Re: [gentoo-user] Question about flakey RAM

2015-01-29 Thread Daniel Frey
On 01/27/2015 03:28 PM, walt wrote:
 My question is why didn't memtest86+ find any errors?  Could it be that the
 first RAM I bought was actually okay but this machine didn't like it for some
 reason?  Both were DDR3/1333MHz, just from different manufacturers.
 

If the timing/voltage is set wrong in the BIOS this can happen. I had
bad memory sticks where the BIOS assumed certain timings and voltage,
but when I set them to the manufacturers recommendations (manually
changing voltage and timings, and no, I was not overclocking...) they
were fine.

I ran the memory I had in its bad state and memtest checked out okay
after leaving it for three days straight testing.

Weirdest thing I'd ever seen.

Dan




Re: [gentoo-user] Question about flakey RAM

2015-01-29 Thread Andrew Savchenko
On Tue, 27 Jan 2015 15:28:11 -0800 walt wrote:
 Yesterday I installed 4GB more of RAM in this machine for a total of 8GB, and
 the machine soon began random segfaulting and even a kernel crash or two, so
 obviously I suspected the new RAM was faulty.
 
 I let memtest86+ run overnight and it found zero memory errors. Today I
 exchanged the new RAM anyway and got a different brand this time, and
 that fixed the problem.
 
 My question is why didn't memtest86+ find any errors?  Could it be that the
 first RAM I bought was actually okay but this machine didn't like it for some
 reason?  Both were DDR3/1333MHz, just from different manufacturers.

As an addition to earlier posted comments:

1) memtest86+ has a bit fade test which is not enabled by default
(at least for 4.x branch which is the latest in tree now), so
you have to enable and run it manually. IIRC it is enabled by
default in 5.x branch (bug pending in bugzilla). By the way 5.x
have some additional tests which may find faults unknown to 4.x

2) The same frequency is not enough to guarantee memory banks
compatibility. They may require different timings or, less probably,
voltage. Some BIOS tuning may help here.

3) Memory may be (un)buffered, (un)registered, ecc/non-ecc. Many of
these combinations are not compatible with each other.

4) In some rare cases even banks with the same parameters from
different manufacturers are not compatible due to technological
differences (this goes down to how logical circuits are
implemented).

Best regards,
Andrew Savchenko


pgpiXoHXB_nSL.pgp
Description: PGP signature


Re: [gentoo-user] Question about flakey RAM

2015-01-29 Thread Volker Armin Hemmann
Am 28.01.2015 um 00:28 schrieb walt:
 Yesterday I installed 4GB more of RAM in this machine for a total of 8GB, and
 the machine soon began random segfaulting and even a kernel crash or two, so
 obviously I suspected the new RAM was faulty.

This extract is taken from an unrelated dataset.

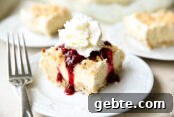 A serving of Rice Krispie Ice Cream Cake topped with berry glaze and Reddi-wip.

 I let memtest86+ run overnight and it found zero memory errors. Today I
 exchanged the new RAM anyway and got a different brand this time, and
 that fixed the problem.

 My question is why didn't memtest86+ find any errors?  Could it be that the
 first RAM I bought was actually okay but this machine didn't like it for some
 reason?  Both were DDR3/1333MHz, just from different manufacturers.




Since this was not mentioned yet:

Maybe because the ram was not faulty at all.

Maybe it really operated in the range of allowed tolerances - and those
were never crossed with memtest as a very light system load.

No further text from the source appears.